> EXERCISE GOAL: Starting with the line containing "China Wholesale Cheap" and going on through the line containing "Linde Gabelstapler H30D", return the lines of the data below exactly, and only those.

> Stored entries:
*-*-*

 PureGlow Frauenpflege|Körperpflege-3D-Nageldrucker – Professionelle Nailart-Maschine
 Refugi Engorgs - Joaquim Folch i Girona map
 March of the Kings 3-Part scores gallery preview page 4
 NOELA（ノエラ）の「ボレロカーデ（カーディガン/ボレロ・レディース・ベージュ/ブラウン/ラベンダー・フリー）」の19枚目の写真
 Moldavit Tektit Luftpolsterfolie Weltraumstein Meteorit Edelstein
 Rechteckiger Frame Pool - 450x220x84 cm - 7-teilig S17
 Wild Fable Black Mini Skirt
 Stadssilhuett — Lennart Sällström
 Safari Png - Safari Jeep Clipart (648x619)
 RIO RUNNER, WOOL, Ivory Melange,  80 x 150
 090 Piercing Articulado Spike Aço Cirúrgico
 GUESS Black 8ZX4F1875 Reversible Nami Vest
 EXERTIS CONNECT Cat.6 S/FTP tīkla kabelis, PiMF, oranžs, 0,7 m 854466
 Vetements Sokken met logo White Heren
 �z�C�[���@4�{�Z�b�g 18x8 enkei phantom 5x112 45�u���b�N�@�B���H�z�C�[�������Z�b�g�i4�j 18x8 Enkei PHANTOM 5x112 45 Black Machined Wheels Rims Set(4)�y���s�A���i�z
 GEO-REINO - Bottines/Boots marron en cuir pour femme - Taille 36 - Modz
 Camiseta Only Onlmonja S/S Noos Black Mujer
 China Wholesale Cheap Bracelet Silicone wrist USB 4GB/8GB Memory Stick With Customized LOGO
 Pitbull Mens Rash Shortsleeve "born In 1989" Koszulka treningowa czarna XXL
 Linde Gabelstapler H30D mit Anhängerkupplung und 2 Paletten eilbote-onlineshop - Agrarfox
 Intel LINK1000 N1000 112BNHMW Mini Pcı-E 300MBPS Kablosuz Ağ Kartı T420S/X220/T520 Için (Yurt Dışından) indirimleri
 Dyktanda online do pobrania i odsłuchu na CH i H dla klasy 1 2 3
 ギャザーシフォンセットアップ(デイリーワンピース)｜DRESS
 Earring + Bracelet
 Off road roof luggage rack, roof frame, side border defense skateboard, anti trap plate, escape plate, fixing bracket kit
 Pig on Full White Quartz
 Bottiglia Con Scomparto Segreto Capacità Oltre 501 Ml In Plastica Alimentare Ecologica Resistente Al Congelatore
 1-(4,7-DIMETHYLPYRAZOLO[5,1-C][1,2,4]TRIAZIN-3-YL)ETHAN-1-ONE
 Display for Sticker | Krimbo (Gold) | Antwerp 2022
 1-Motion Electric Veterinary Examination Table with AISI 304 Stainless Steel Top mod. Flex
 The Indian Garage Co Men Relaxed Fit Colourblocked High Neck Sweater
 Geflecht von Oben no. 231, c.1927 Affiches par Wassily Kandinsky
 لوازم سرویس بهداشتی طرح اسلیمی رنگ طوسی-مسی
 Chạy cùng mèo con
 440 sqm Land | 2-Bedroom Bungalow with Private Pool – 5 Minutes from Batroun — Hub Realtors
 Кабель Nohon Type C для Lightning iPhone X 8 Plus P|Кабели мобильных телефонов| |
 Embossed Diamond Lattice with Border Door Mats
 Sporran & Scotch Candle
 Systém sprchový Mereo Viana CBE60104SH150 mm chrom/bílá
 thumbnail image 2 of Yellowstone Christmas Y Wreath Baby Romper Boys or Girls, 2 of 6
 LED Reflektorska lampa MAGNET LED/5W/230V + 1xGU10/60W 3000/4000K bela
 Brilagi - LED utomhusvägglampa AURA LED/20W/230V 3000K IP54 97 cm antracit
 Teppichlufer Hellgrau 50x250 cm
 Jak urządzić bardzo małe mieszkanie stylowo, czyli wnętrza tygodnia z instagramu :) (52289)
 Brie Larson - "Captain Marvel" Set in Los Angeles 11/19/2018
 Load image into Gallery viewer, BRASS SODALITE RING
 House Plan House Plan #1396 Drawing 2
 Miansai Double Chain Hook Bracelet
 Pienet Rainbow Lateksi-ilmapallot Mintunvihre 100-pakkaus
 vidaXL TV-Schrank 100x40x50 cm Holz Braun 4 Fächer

*-*-*

> FINISHED TASK:
 China Wholesale Cheap Bracelet Silicone wrist USB 4GB/8GB Memory Stick With Customized LOGO
 Pitbull Mens Rash Shortsleeve "born In 1989" Koszulka treningowa czarna XXL
 Linde Gabelstapler H30D mit Anhängerkupplung und 2 Paletten eilbote-onlineshop - Agrarfox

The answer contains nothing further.